[Cloud Architect] 5. Cost and Monitoring
Cloud Cost Pricing
Key Points
An accurate cost estimation that meets and exceeds your organization’s budgetary goals requires you to ask important questions, interpret data, and implement AWS best practices
Paid AWS Cloud Services include:
- Running Compute Resources
- Storage
- Provisioned Databases
- Data Transfer
Remember, you only pay for services you use, and once you stop using them, AWS stops charging you immediately and doesn’t levy any termination fees.
AWS does not charge for:
- AWS Elastic Beanstalk - Rapid application deployment
- AWS Cloud Formation - AWS Branded Infrastructure as Code service
- Auto-Scaling - Scaling EC2 instances up/down or in/out based on your application requirements
- AWS IAM - User and access management
There is no cost for uploading data into the AWS cloud, although you will pay for storage and data transfer back out. Because of the massive scale of the AWS technology platform, there is no limit to how much data you can upload.

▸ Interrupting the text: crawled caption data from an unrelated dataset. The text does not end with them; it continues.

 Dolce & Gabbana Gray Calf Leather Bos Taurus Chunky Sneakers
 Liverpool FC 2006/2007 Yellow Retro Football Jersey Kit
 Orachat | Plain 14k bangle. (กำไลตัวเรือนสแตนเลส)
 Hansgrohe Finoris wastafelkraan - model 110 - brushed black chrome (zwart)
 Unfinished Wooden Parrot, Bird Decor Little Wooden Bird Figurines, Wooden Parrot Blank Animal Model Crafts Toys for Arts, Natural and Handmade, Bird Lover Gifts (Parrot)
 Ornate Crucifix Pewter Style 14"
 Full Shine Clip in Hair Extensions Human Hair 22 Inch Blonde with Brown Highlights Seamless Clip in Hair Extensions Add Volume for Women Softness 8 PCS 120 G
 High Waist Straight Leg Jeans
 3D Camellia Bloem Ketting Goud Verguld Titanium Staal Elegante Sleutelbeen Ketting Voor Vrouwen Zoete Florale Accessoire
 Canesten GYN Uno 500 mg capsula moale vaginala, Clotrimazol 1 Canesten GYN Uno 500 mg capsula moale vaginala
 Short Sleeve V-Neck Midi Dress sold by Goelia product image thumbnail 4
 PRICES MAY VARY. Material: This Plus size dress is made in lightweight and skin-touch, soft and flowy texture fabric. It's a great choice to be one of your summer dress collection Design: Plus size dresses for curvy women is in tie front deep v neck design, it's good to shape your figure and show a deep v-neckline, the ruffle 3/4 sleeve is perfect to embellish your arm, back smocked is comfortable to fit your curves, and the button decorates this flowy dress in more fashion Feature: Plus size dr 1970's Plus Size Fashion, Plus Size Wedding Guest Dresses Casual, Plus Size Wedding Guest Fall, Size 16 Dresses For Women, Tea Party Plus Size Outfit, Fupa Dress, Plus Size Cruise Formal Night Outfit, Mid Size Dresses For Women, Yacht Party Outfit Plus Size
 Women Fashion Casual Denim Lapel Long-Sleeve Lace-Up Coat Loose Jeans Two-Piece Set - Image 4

Good Cost Hygiene Practices
- Establish a naming convention for Servers and Databases
-
Use Tags to track costs by:
- Group
- Lifecycle
- Person
- Application
-
Create IT Governance rules
- Set Billing Alarms
Tips for Reducing Costs
- Use AWS CloudFront to cache data close to end users
- Avoid inter-region data transfer costs
- Peering via AWS Transit Gateway for VPCs reduces costs
Tools
We will use the AWS Pricing Calculator to estimate the monthly cost
Learn More About Cloud Costs and Pricing
The links below take you to cloud provider documentation on pricing and cost strategies. You will also learn more information about how VPC peering and the AWS CloudFront CDN work. Please follow the links to gain a greater understanding of these technologies when you can.
- AWS Cloud Services Pricing
- Public Cloud Pricing, Explained
- Daily AWS Billing Alert
- VPC Peering
- CloudFront Content Delivery Network
Instance Pricing
Key Points
AWS EC2 instance pricing is straightforward, but it can quickly become complex when you take up the task of optimizing your environment to achieve the ideal cost/performance balance.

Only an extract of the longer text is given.